Strive in the supreme yoga of the generation stage
that makes every appearance arise as a mandala.
87 On the surface of the wall of pure ultimate reality
the brush of concentration brings into being
the Buddha’s form, vividly glowing with the noble marks.
So endeavor single-pointedly to establish union.
88 Then pray to lead all sentient beings
who live on the ocean-clad earth
to the grounds of omniscient wisdom
by emanating in various ways. [369]
89 Even though my effort is not worthy of holy beings,
I composed this jewel garland of wise sayings
glowing with manifold lights of the two norms,
thinking it would be useful as an ornament for beginners.

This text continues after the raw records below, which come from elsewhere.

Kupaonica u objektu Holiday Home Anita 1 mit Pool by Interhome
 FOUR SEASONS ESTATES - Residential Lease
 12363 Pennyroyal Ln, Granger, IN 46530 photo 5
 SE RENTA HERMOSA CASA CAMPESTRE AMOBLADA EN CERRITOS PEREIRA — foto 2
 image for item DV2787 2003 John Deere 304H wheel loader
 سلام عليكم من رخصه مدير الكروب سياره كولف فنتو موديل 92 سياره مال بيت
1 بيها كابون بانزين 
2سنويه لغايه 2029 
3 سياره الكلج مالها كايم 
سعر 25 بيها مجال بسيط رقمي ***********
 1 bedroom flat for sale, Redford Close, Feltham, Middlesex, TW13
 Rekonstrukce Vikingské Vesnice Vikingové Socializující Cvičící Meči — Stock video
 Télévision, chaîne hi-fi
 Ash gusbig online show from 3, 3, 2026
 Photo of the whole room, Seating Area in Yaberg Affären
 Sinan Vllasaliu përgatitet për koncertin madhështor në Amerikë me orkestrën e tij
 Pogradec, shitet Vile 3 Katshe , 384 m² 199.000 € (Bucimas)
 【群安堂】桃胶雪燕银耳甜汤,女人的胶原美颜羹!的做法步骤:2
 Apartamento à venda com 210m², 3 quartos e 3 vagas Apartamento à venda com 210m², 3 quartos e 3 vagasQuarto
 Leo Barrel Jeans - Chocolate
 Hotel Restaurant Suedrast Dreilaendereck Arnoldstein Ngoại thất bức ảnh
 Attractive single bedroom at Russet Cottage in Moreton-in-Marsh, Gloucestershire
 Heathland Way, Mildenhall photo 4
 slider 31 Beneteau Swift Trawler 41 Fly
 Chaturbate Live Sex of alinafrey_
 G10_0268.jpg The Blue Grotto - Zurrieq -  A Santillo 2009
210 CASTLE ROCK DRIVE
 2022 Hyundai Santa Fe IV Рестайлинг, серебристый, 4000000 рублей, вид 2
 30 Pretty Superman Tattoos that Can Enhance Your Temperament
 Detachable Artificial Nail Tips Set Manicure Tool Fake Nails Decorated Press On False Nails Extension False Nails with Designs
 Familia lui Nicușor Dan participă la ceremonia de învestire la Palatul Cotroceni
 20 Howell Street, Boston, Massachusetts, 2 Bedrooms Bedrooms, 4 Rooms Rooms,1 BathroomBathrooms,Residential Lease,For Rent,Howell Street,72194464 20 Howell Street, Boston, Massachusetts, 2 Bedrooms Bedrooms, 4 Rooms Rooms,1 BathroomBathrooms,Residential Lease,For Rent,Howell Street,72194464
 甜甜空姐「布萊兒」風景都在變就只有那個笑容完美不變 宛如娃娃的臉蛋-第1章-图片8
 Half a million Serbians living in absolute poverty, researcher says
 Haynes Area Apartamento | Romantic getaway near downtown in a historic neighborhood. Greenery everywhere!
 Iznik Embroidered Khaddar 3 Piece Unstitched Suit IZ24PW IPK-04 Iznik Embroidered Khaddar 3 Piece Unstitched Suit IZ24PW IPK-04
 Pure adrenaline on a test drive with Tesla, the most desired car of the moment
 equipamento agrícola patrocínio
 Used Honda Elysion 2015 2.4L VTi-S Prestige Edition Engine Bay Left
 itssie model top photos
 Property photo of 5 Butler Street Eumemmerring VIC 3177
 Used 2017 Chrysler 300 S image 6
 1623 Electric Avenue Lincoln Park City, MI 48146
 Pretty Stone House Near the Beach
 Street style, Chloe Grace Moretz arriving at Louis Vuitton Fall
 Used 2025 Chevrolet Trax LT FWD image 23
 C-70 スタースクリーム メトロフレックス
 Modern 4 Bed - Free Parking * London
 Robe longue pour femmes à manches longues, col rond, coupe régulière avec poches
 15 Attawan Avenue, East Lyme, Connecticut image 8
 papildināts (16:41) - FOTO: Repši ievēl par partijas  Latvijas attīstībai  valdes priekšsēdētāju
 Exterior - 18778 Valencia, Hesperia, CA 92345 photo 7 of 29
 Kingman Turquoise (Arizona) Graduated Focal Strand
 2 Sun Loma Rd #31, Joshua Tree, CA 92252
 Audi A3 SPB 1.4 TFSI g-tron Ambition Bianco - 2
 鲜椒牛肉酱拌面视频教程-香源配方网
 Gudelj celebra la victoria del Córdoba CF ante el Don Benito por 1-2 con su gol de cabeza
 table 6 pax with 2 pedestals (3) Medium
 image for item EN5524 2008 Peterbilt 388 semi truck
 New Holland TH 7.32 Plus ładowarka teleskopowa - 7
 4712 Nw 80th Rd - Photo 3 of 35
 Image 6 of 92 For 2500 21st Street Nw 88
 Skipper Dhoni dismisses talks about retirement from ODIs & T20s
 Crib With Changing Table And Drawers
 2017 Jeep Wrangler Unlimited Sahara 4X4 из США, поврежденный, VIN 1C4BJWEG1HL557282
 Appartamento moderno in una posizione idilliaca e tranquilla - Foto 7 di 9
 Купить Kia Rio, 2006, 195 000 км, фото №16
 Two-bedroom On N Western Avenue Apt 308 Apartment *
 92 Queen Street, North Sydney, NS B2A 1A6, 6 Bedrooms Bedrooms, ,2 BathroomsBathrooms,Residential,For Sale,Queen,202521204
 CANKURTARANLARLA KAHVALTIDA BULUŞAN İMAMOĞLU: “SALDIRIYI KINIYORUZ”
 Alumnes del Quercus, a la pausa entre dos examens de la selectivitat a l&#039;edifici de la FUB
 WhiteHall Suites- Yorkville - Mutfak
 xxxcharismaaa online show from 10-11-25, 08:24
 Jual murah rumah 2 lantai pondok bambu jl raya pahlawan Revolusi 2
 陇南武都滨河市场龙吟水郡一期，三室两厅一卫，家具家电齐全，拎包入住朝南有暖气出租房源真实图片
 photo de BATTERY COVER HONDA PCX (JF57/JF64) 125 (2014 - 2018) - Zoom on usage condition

90 From the merits of this action
having the power of a wish-fulfilling jewel,
may the stainless teachings of the Victor
flourish on earth until samsara ends.
In general, the recommendations assembled in collections of advice for mundane activities can be a cause for nonvirtuous actions; therefore offering such advice can become a basis for downfalls among those holding vows. Such activities are something to be largely rejected. Nevertheless I am following the model of past masters who wrote treatises conjoining the two norms. Specifically, most people seem to find it difficult to devote themselves to study and contemplation of the great treasuries of precious advice that are vast and deep—such as the Stages of the Path to Enlightenment and so forth—because of the pressures of this degenerate era and because they are influenced by their own mistaken actions that are contrary to those treatises. Because of their preoccupation with concerns of this life alone, most people appear to value texts belonging to this wise-sayings genre that present matters of worldly norms. So I was motivated by the thought that it would be possible to gradually shift their minds from that toward the Dharma. And on top of that, my attendant, bearing the name Lakṣmī, also made a request, saying, “Something like this is needed.” Thus I, the Buddhist monk Dharmasūrya, composed this Treatise on Earth: A Jewel Garland That Glows with a Hundred Lights of Wise Sayings on the Two Norms. It was written at the temple at Wutai Shan, the pure land of glorious Mañjuśrī.